▶ What you will do: Every line from the one containing "Atico Sonnenschein *" through the end of the listing below goes in the output, exactly and without pictures.

▶ Information supplied:
-=-=-

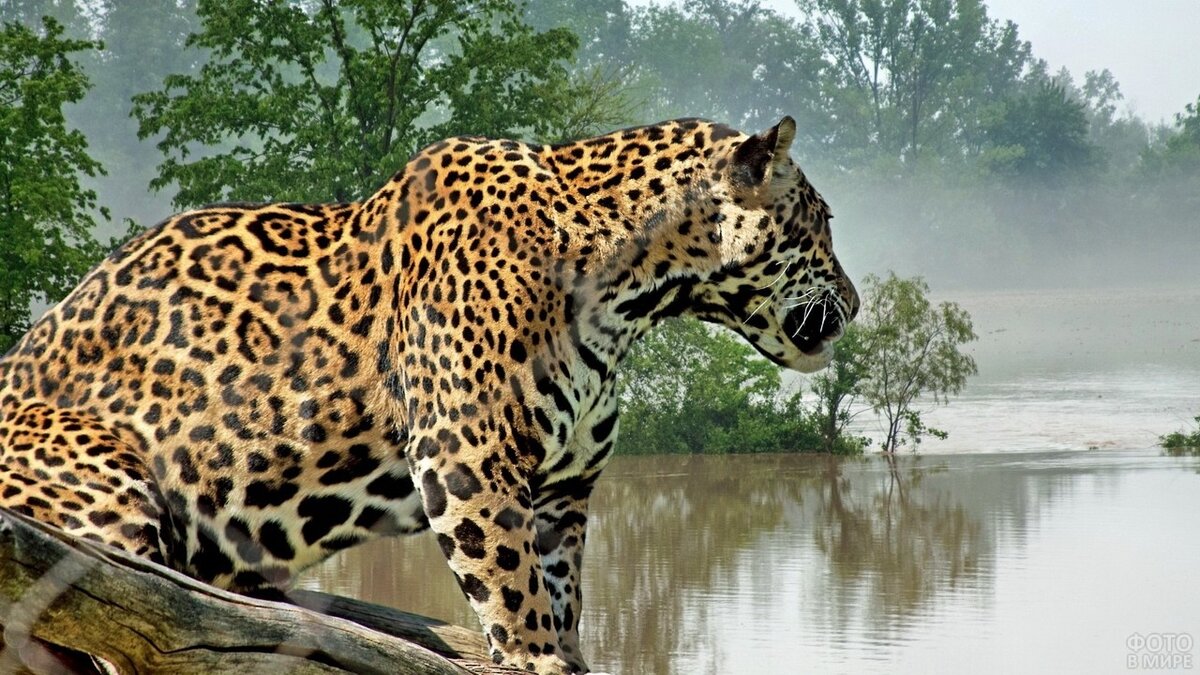 Фото: Fotovmire.ru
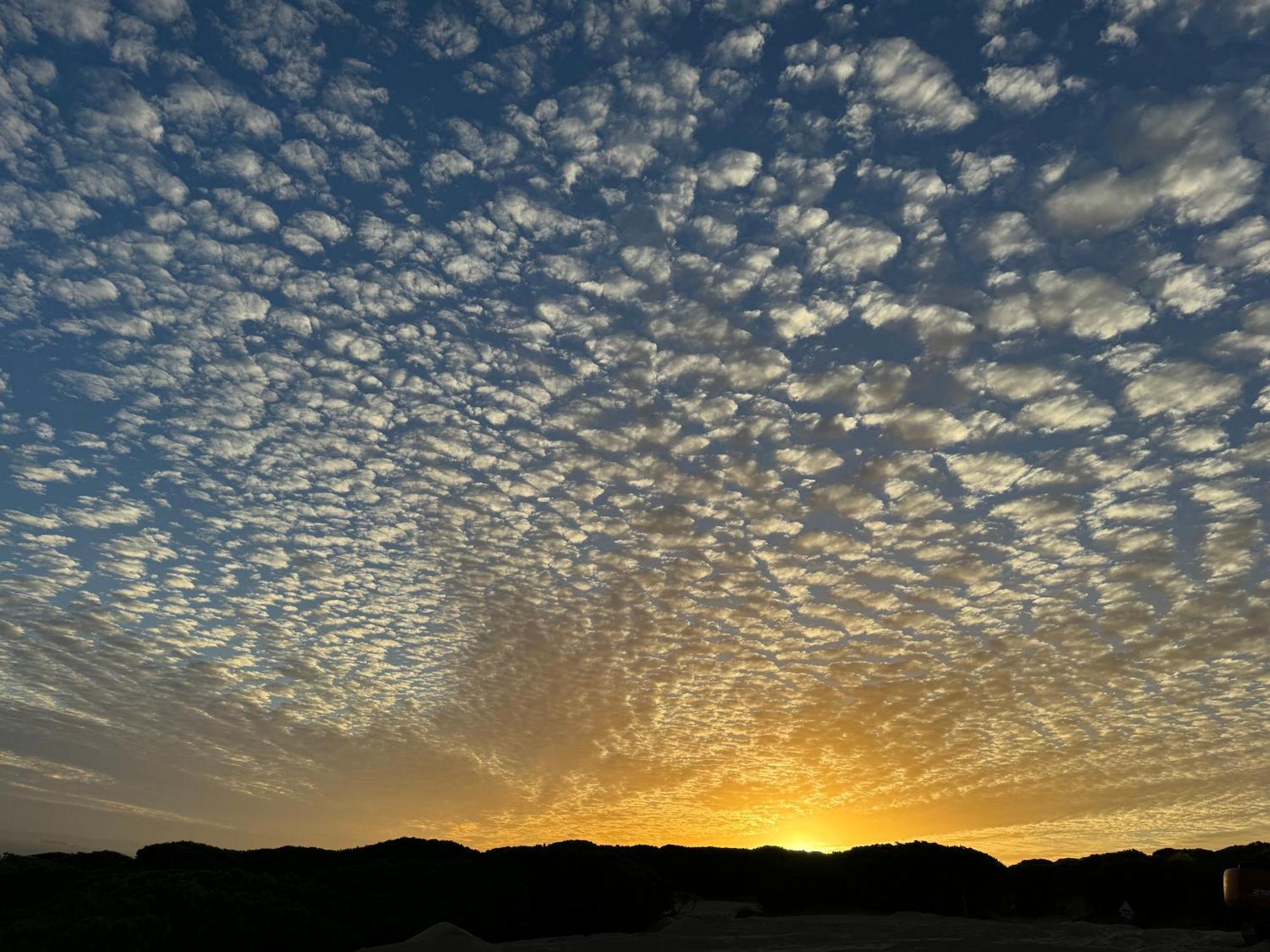 Atico Sonnenschein *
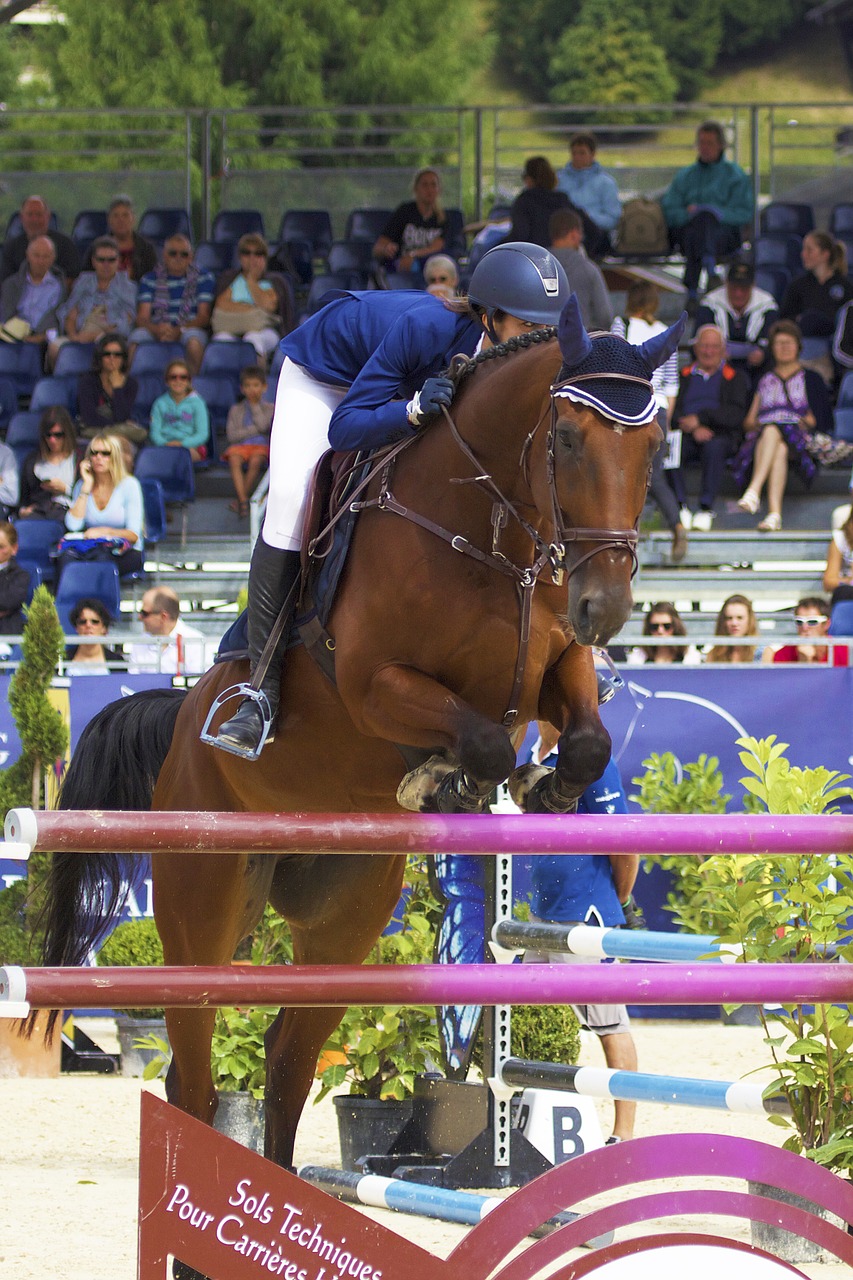 horse jump contest free photo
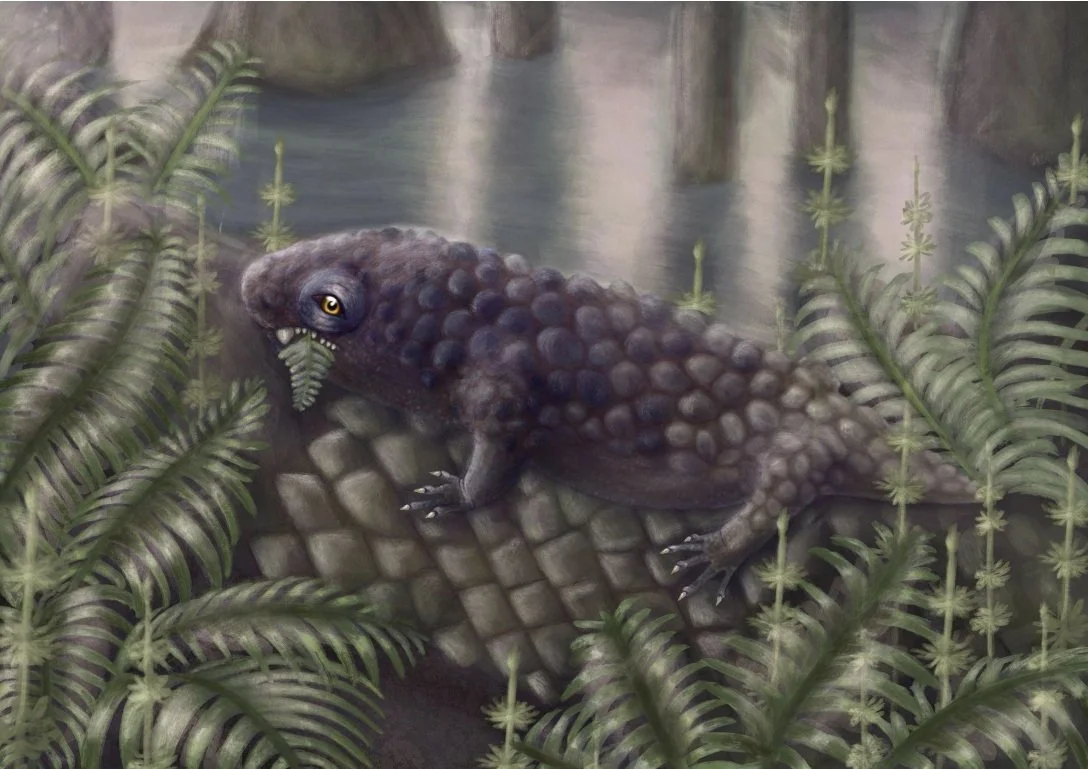 Art of the plant-eater Tyrannoroter, a bumpy-looking lizard on a scaly tree, eating fern-like plants.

-=-=-

▶ The answer:
 Atico Sonnenschein *
 horse jump contest free photo
 Art of the plant-eater Tyrannoroter, a bumpy-looking lizard on a scaly tree, eating fern-like plants.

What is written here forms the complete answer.